É grande a parcela de sujeitos excluídos dos avanços presentes em todas as aéreas do conhecimento humano e vivenciamos hoje a ampliação da pobreza, da miséria, da fome, da falta de condições mínimas de saúde, da falta de educação de qualidade. Nossa biodiversidade planetária, desrespeitada, encontra-se sofrendo mazelas de todo o tipo e a busca pela sustentabilidade ainda é tarefa emergente, apesar dos esforços de muitas pessoas, empresas e organizações mundiais.
Empenhados em alterar todo este quadro, movimentos em todo o planeta atuam em prol da revisão de paradigmas de exploração dos nossos recursos naturais, construindo outras possibilidades para que tenhamos a oportunidade de ampliarmos nossos dias de mais e melhor vida, apostando na sustentabilidade como prática e procedimento teórico.
Questões amplas, complexas e que nosso olhar não pode deixar de perceber. Somos parte, somos um todo, e estabelecemos com este todo relações plurais, que favorecem nossa constituição como sujeitos humanos e, diante disso, nada do que é humano pode nos causar estranheza.

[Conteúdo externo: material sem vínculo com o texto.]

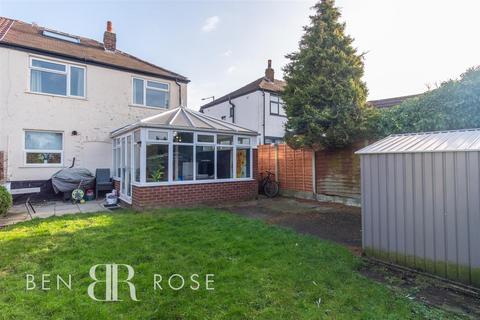 3 bedroom semi-detached house for sale, Canberra Road, Leyland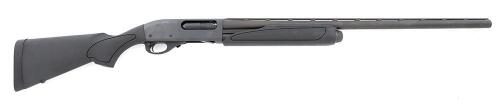 Remington Model 870 Super Mag Slide Action Shotgun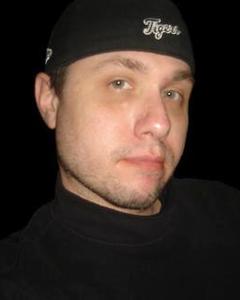 Man, 48. Bretmp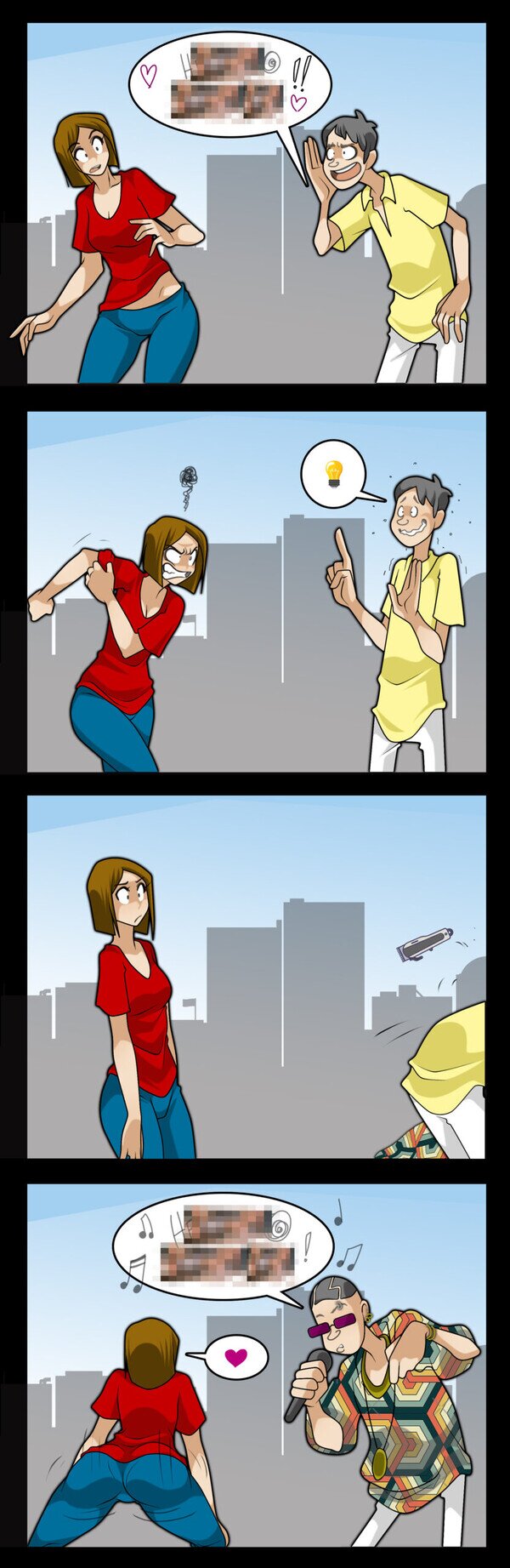 Otros - Todo depende del contexto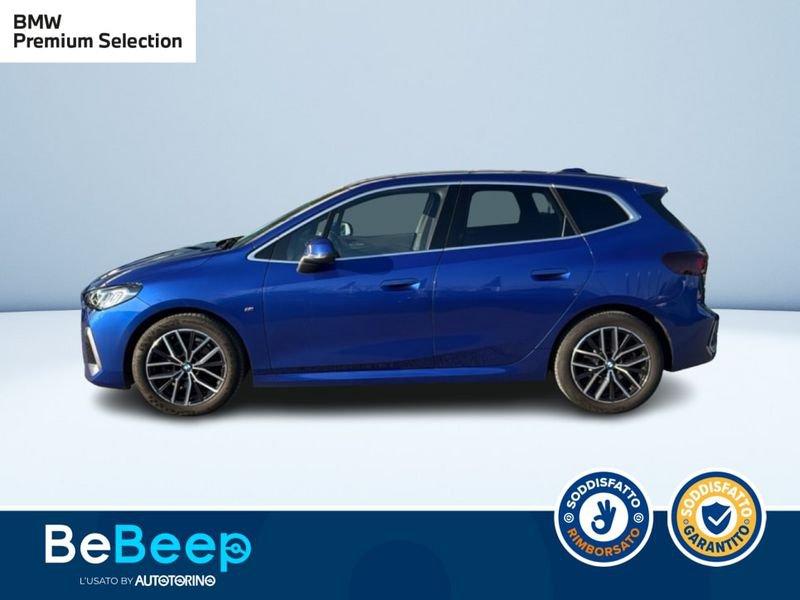 BMW Serie 2 Active Tourer 218D ACTIVE TOURER MSPORT AUTO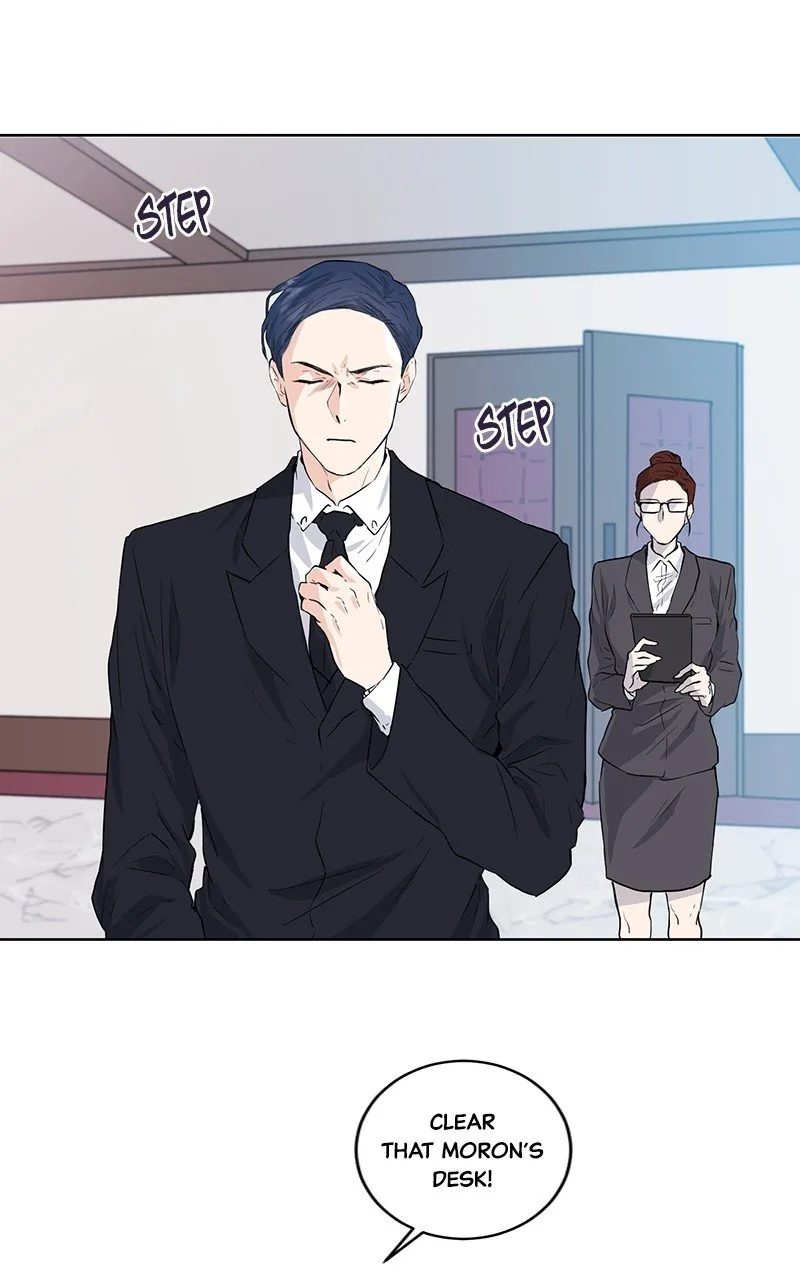 The Goddess’s Guide to Farming Chapter 3 page 39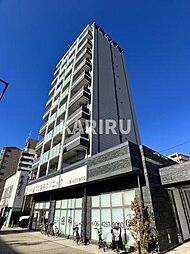 🉐敷金礼金0円！🉐Chez・moi・Yokodutsumi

Se nosso tempo presente lança dúvidas em relação ao nosso futuro comum, tal tempo pode ser (re)construído com uma outra perspectiva, mais sensível ao movimento da teia da vida. Neste sentido, podemos nos posicionar na condição de procurar por novas compreensões, validando nossos anseios de busca por alternativas para a crise que, enquanto civilização planetária, nos deparamos.
São válidos, então, novos modos de fazermos tal movimento. Um deles emerge na compreensão da palavra crise. Tempos atrás, numa pesquisa aleatória, encontrei uma possibilidade interessante de reflexão, ao aprender que o ideograma para a palavra crise, em chinês, significa também oportunidade. Será, portanto, nos momentos de crise, que poderemos encontrar alternativas, enxergarmos possibilidades de resolução de problemas.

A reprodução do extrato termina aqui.